PROBLEM: Begin at the line that holds "Monster Hunter World: Iceborne" and copy each line exactly until the data below ends, including that last line but no pictures.

RECORDED DATA:
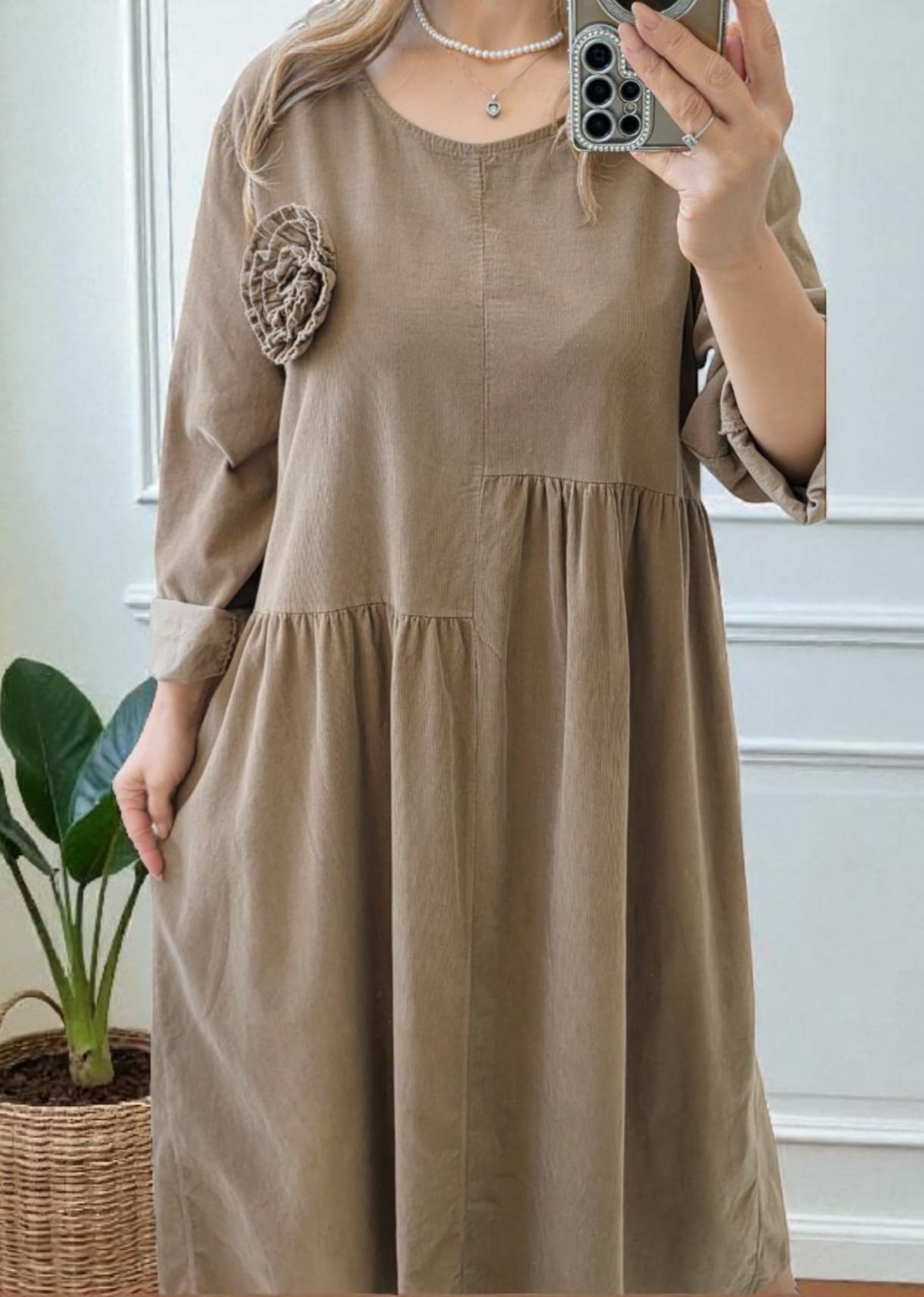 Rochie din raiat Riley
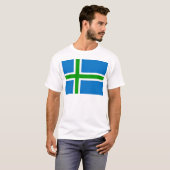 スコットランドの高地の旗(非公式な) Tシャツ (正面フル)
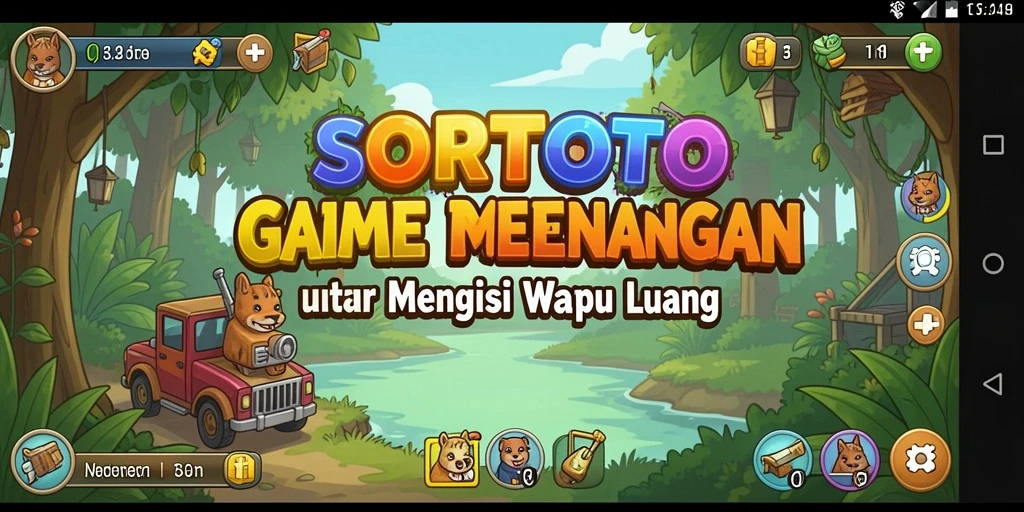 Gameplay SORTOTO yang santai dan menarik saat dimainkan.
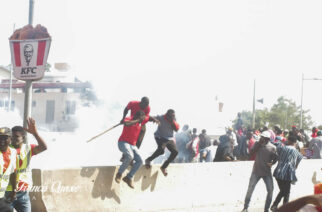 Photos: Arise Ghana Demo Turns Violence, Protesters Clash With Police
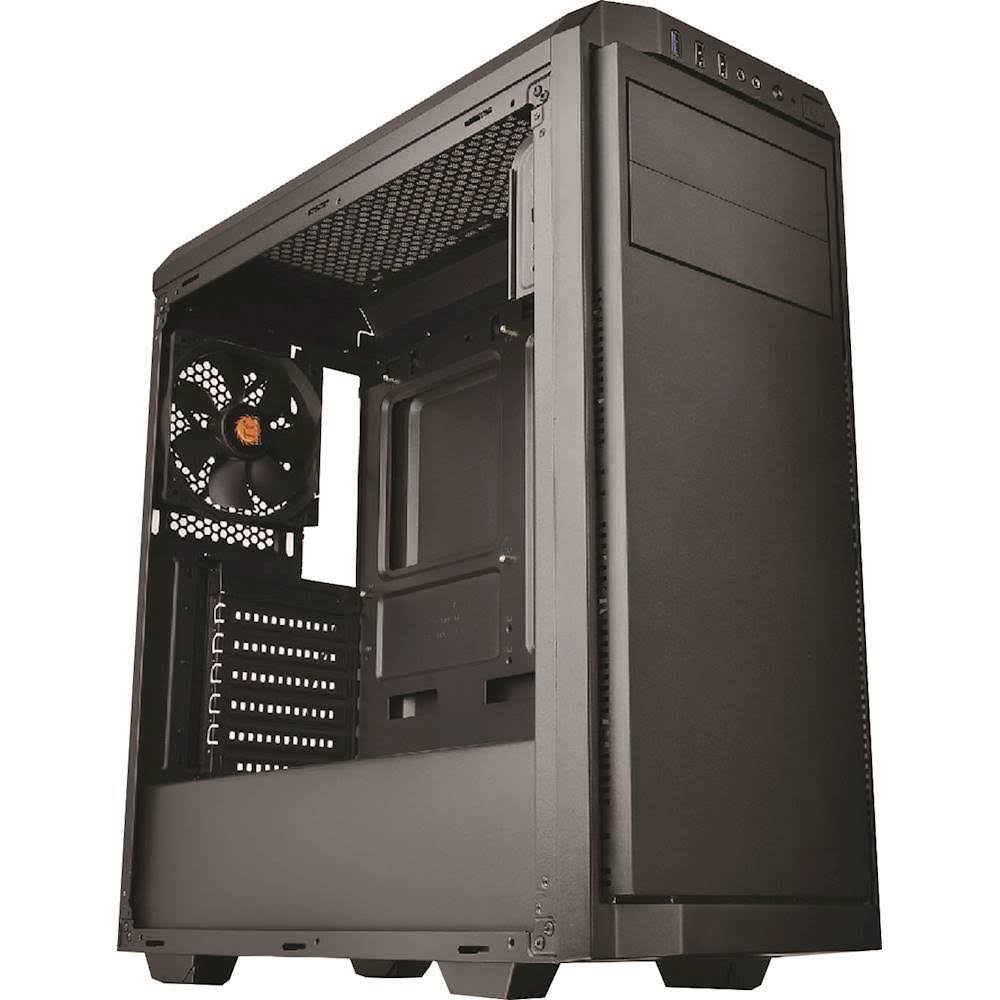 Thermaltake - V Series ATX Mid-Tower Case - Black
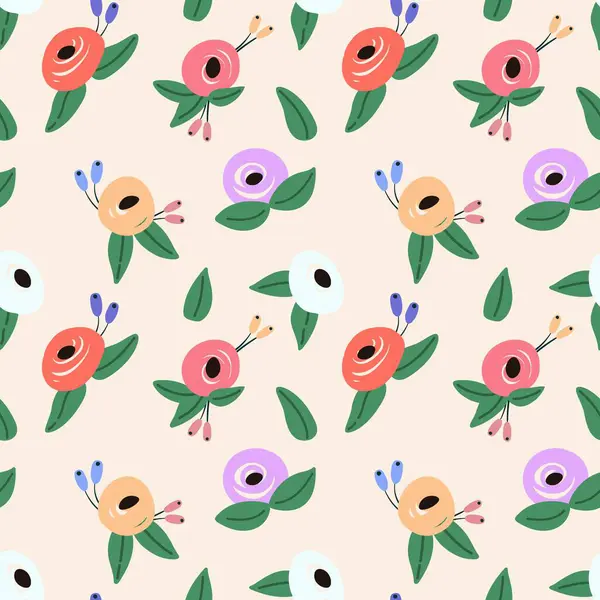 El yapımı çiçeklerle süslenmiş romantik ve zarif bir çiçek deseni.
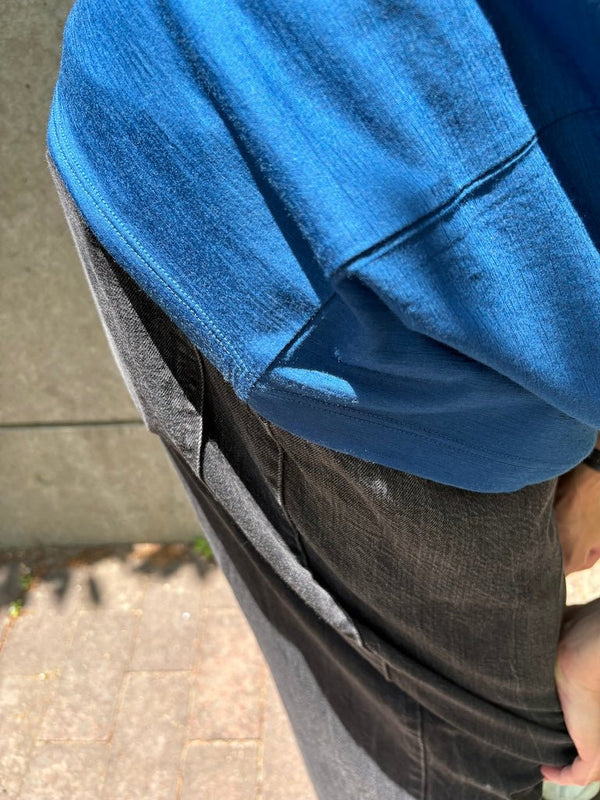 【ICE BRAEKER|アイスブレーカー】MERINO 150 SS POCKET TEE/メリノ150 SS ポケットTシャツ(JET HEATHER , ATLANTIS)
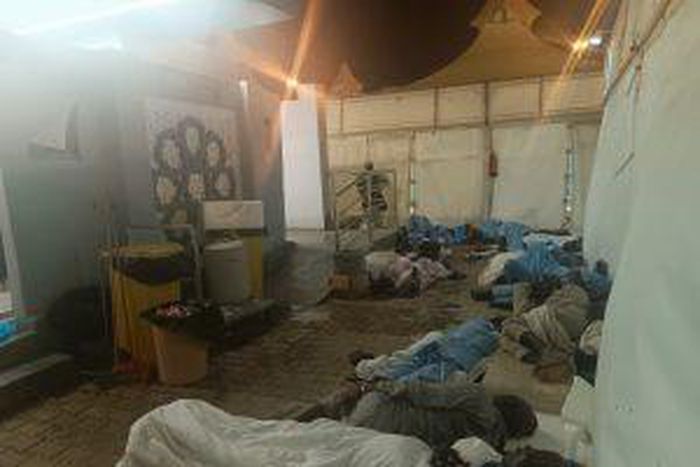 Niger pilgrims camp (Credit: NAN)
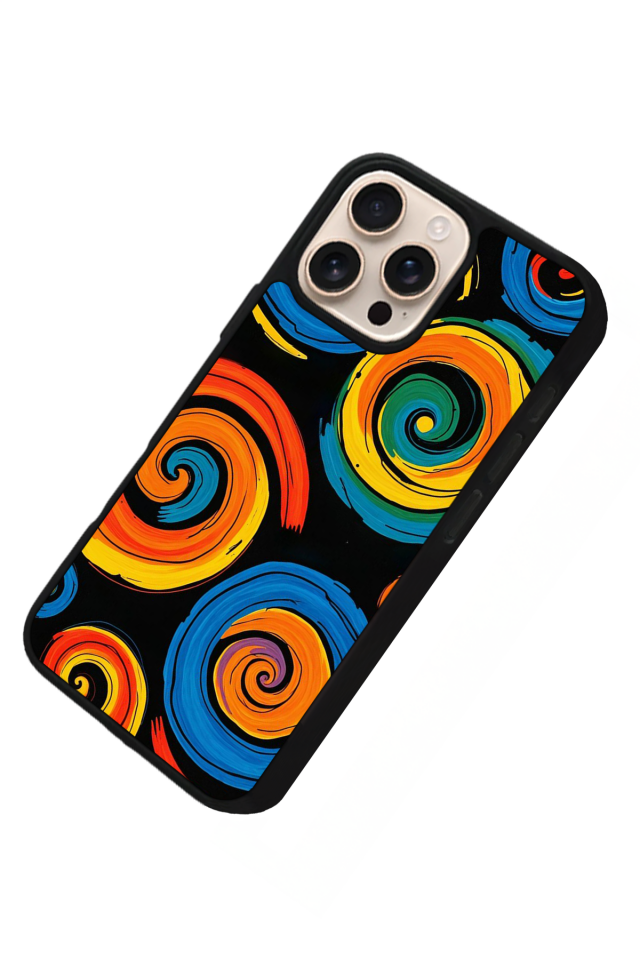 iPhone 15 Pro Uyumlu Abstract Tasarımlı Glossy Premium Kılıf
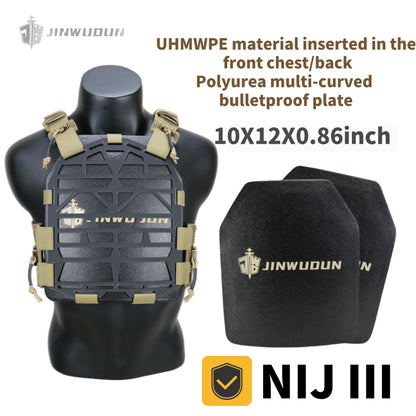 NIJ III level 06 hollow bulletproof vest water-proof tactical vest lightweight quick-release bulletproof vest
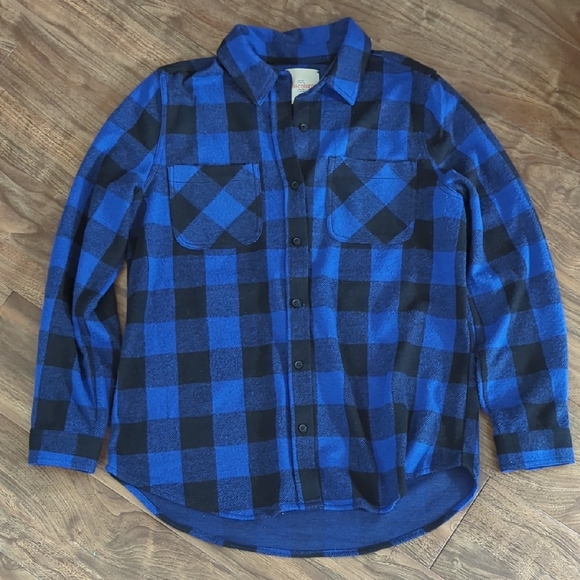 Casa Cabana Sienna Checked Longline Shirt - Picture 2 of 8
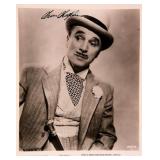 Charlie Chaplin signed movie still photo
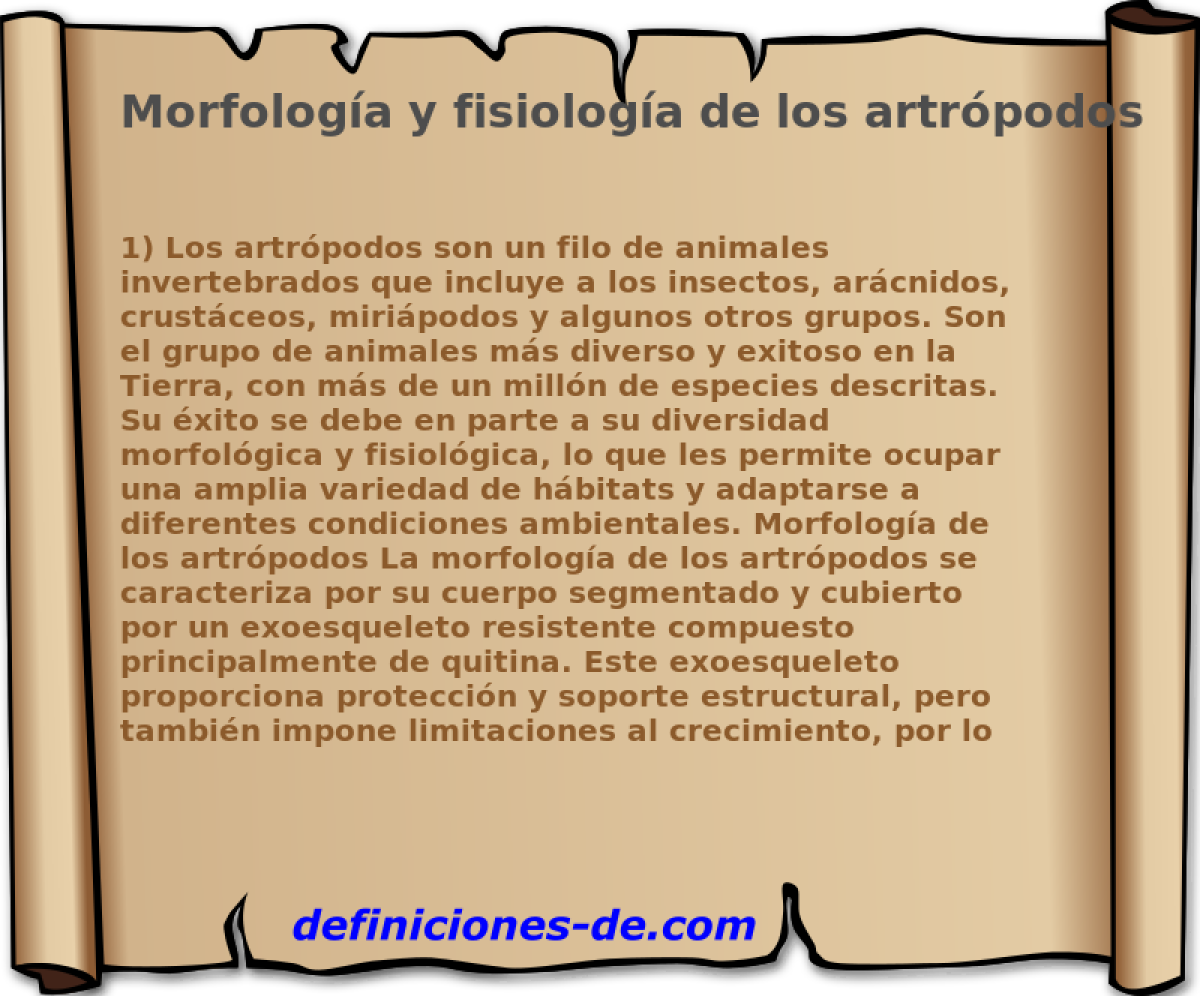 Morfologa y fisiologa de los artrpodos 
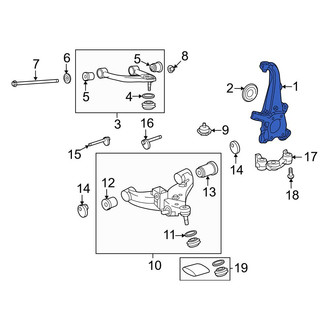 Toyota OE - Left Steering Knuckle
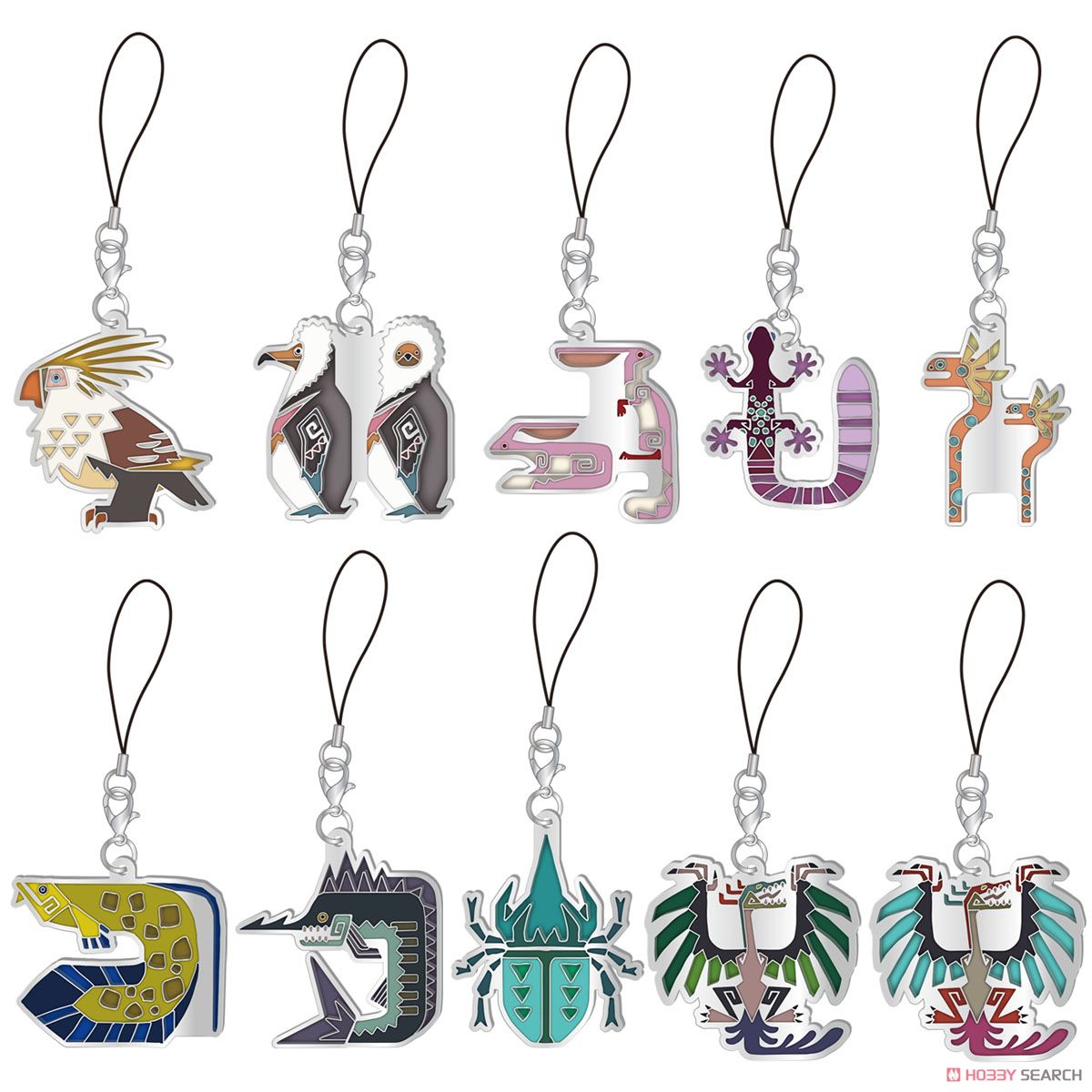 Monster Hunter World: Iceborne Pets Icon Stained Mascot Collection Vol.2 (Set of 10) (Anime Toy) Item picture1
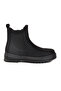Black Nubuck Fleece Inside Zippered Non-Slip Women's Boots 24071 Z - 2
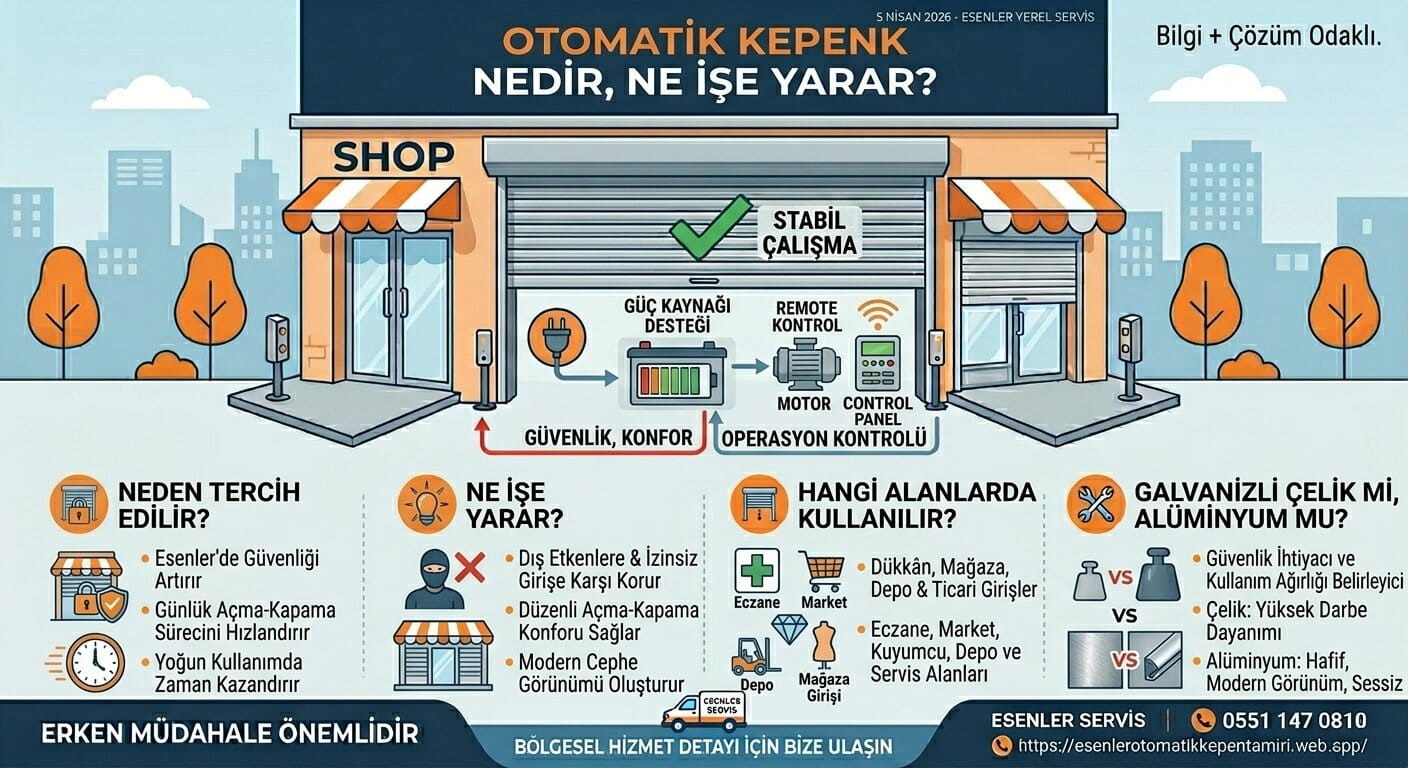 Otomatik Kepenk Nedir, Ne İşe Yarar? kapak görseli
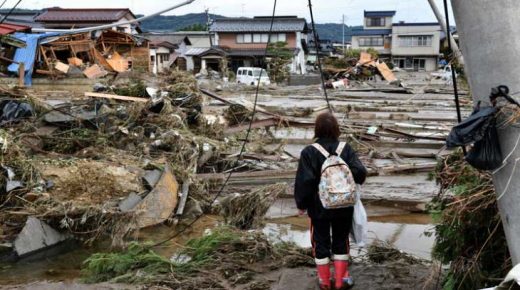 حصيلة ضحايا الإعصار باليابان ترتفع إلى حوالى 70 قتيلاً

PROBLEM SOLUTION:
 Monster Hunter World: Iceborne Pets Icon Stained Mascot Collection Vol.2 (Set of 10) (Anime Toy) Item picture1
Black Nubuck Fleece Inside Zippered Non-Slip Women's Boots 24071 Z - 2
 Otomatik Kepenk Nedir, Ne İşe Yarar? kapak görseli
 حصيلة ضحايا الإعصار باليابان ترتفع إلى حوالى 70 قتيلاً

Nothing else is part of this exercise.